In your answer, print each of the records below exactly.

Stored data:
○ ○ ○ ○

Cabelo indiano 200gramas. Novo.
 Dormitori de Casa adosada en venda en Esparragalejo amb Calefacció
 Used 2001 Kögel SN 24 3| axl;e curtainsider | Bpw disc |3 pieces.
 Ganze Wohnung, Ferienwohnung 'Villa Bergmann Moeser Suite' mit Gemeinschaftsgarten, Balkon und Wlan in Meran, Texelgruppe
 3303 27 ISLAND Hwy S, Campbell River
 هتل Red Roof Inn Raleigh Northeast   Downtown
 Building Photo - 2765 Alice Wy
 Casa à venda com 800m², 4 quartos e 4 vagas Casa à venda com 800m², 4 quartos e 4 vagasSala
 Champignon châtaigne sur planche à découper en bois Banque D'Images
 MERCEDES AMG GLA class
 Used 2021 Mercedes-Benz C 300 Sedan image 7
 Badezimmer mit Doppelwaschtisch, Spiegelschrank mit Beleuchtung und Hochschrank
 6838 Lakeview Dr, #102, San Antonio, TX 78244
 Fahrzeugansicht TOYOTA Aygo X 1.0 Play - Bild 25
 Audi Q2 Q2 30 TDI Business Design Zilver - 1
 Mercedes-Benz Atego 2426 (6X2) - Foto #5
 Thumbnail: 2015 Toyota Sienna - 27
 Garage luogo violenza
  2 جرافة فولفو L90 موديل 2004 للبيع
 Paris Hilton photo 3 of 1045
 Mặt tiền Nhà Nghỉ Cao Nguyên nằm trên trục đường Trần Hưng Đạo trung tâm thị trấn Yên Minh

○ ○ ○ ○

Task answer:
Cabelo indiano 200gramas. Novo.
 Dormitori de Casa adosada en venda en Esparragalejo amb Calefacció
 Used 2001 Kögel SN 24 3| axl;e curtainsider | Bpw disc |3 pieces.
 Ganze Wohnung, Ferienwohnung 'Villa Bergmann Moeser Suite' mit Gemeinschaftsgarten, Balkon und Wlan in Meran, Texelgruppe
 3303 27 ISLAND Hwy S, Campbell River
 هتل Red Roof Inn Raleigh Northeast   Downtown
 Building Photo - 2765 Alice Wy
 Casa à venda com 800m², 4 quartos e 4 vagas Casa à venda com 800m², 4 quartos e 4 vagasSala
 Champignon châtaigne sur planche à découper en bois Banque D'Images
 MERCEDES AMG GLA class
 Used 2021 Mercedes-Benz C 300 Sedan image 7
 Badezimmer mit Doppelwaschtisch, Spiegelschrank mit Beleuchtung und Hochschrank
 6838 Lakeview Dr, #102, San Antonio, TX 78244
 Fahrzeugansicht TOYOTA Aygo X 1.0 Play - Bild 25
 Audi Q2 Q2 30 TDI Business Design Zilver - 1
 Mercedes-Benz Atego 2426 (6X2) - Foto #5
 Thumbnail: 2015 Toyota Sienna - 27
 Garage luogo violenza
  2 جرافة فولفو L90 موديل 2004 للبيع
 Paris Hilton photo 3 of 1045
 Mặt tiền Nhà Nghỉ Cao Nguyên nằm trên trục đường Trần Hưng Đạo trung tâm thị trấn Yên Minh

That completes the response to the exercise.